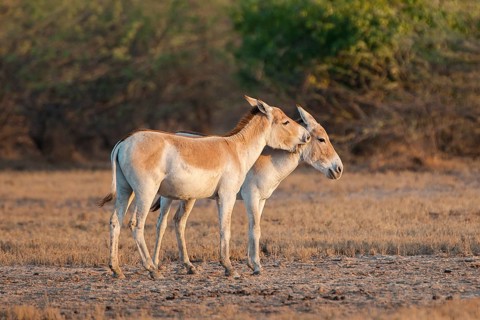 Onagers or Asiatic wild aasses (Equus hemionus)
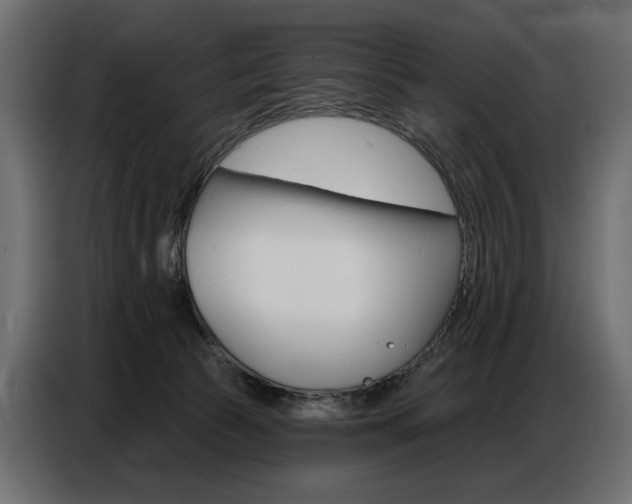 X0000086800177200704130908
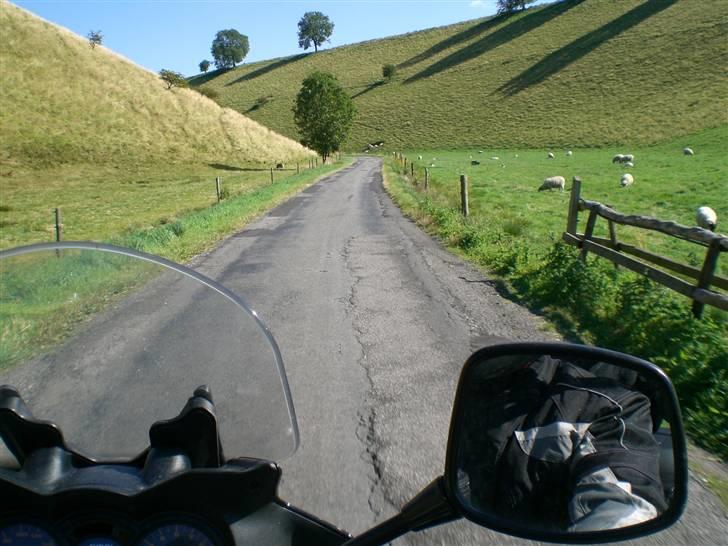 Suzuki DL 650 - Gennem England/York billede 9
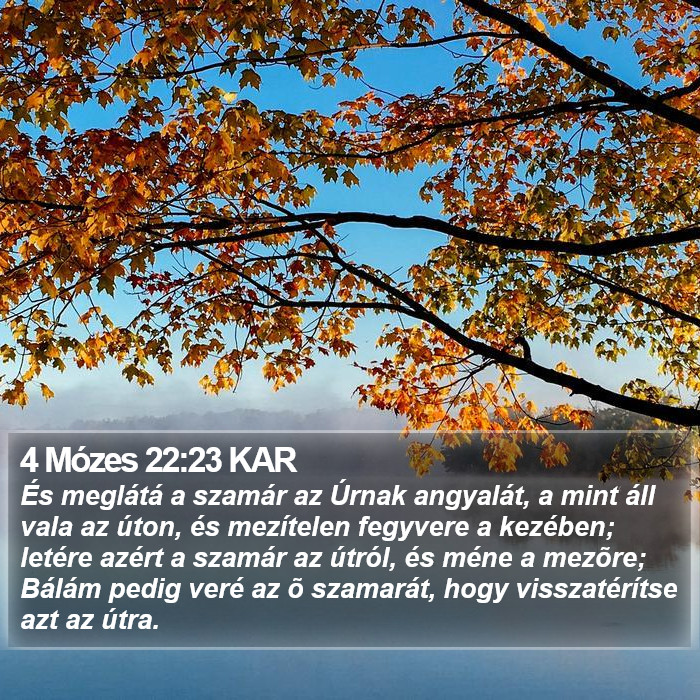 4 Mózes 22:23 KAR Bible Study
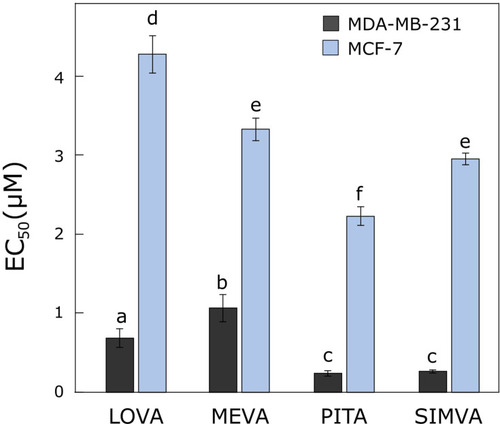 Figure 1 Activity of statins on cell viability. The EC50 values of lovastatin, mevastatin, pitavastatin and simvastatin after 72 hours in breast cancer MDA-MB-231 and MCF-7 cell lines. Bars marked with different letters indicate statistically significant differences (p < 0.05) within the same category.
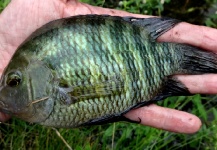 Fly-fishing Pic of Chameleon Cichlid shared by Marcos San Miguel – Fly dreamers 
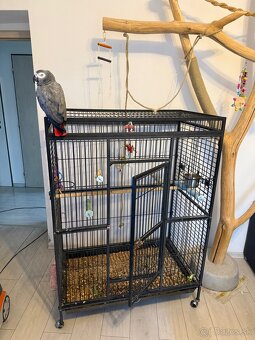 Zako Kongo samička 7rokov samček 6rokov - 2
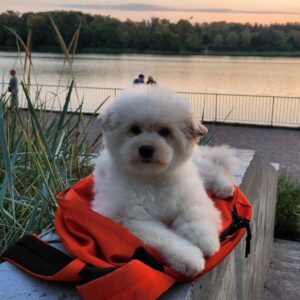 Sami Pomapoo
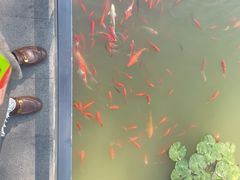 -云溪植物园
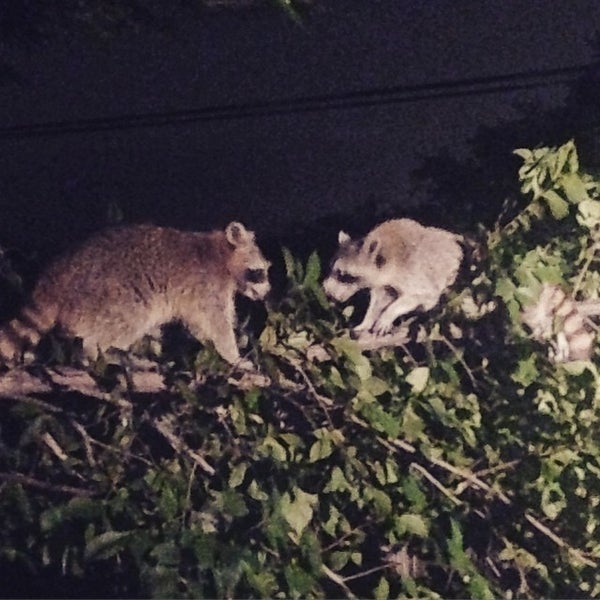 Rack Daddy's Pool Hall in Austin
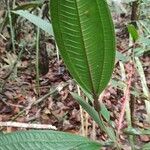 Miconia nervosa Leaf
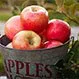 Diet and Nutrition: The Health Benefits of Apples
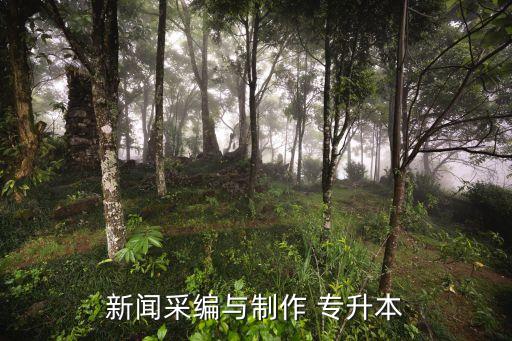 專升本新聞學(xué)好考嗎,專升本考試科目:政治、英語、專業(yè)課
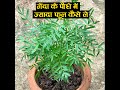 इस खाद से गेंदे के पौधे में भर भर के फूल आएगा #marigold #shorts by rnkushwaha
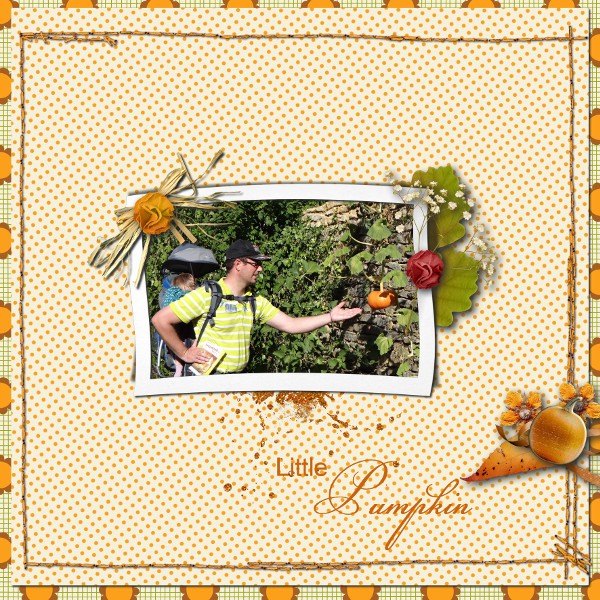 Little Pumpkins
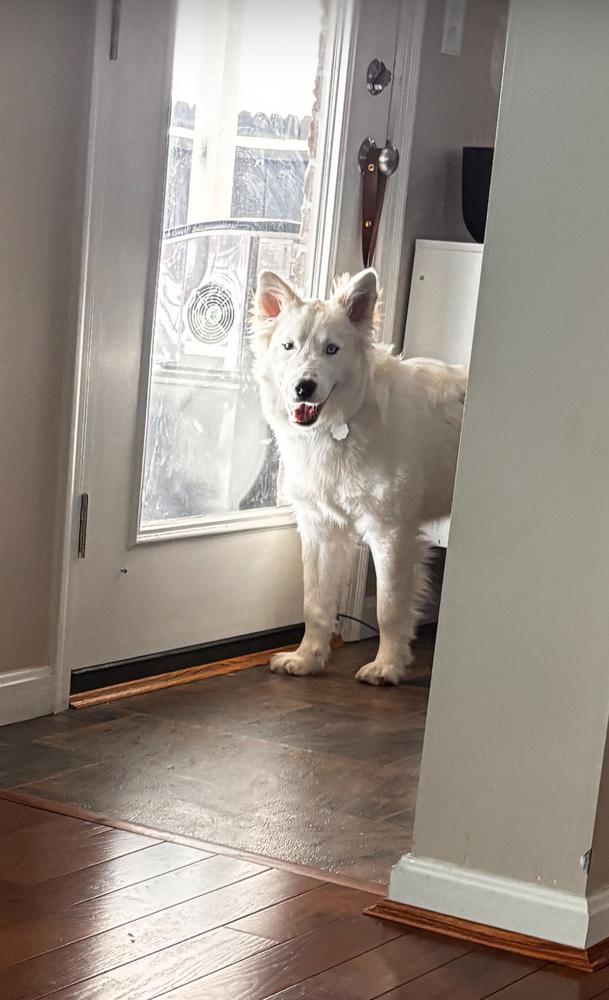 Kentucky County : Rascal, Adoptable, Young Male Australian Shepherd & Great Pyrenees.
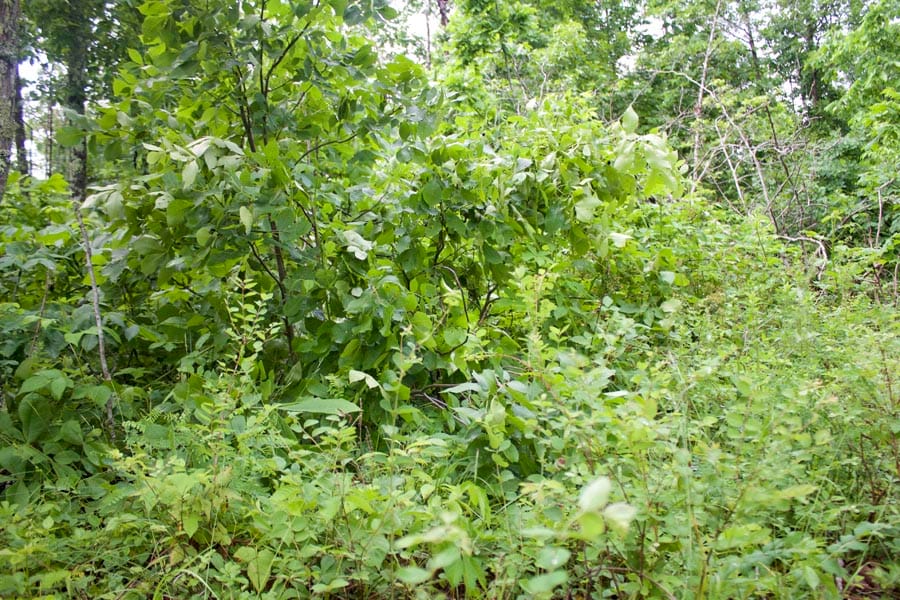 Thunder Mountain Ranch Tract 44 photo 3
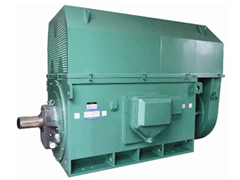 突泉Y系列6KV高压电机品质保证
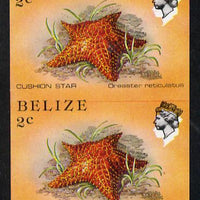Belize 1984-88 Cushion Star 2c def in unmounted mint imperf pair showing superb 2mm shift of black (as SG 767) very fine double variety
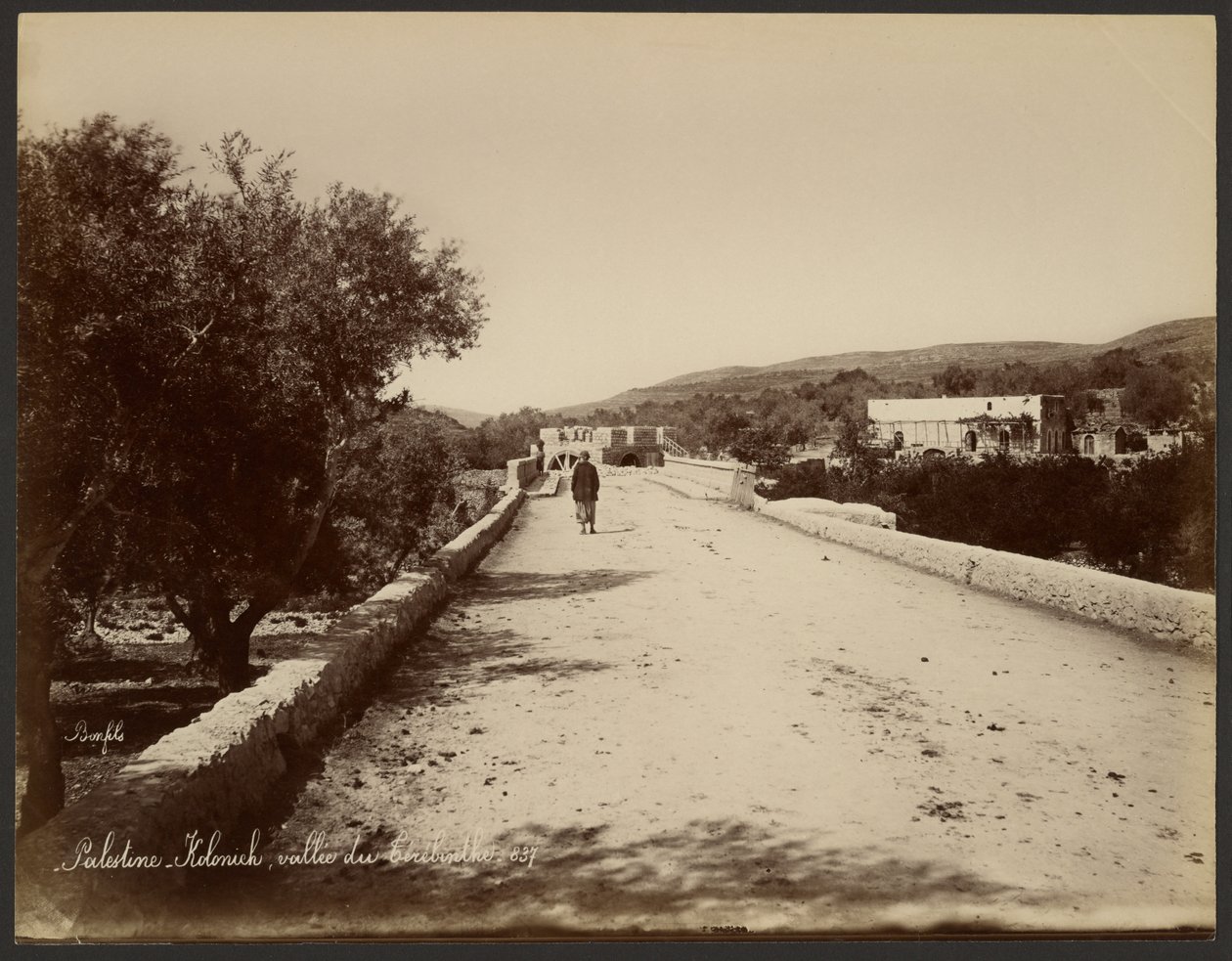 Palestina - Kolonick, Terebinth Valley av Félix Bonfils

[What you will do]
Write out exactly the lines from the one containing "Thunder Mountain Ranch Tract 44 photo 3" through the end of the records above, both included, leaving all pictures out.

[Result of the task]
 Thunder Mountain Ranch Tract 44 photo 3
 突泉Y系列6KV高压电机品质保证
Belize 1984-88 Cushion Star 2c def in unmounted mint imperf pair showing superb 2mm shift of black (as SG 767) very fine double variety
 Palestina - Kolonick, Terebinth Valley av Félix Bonfils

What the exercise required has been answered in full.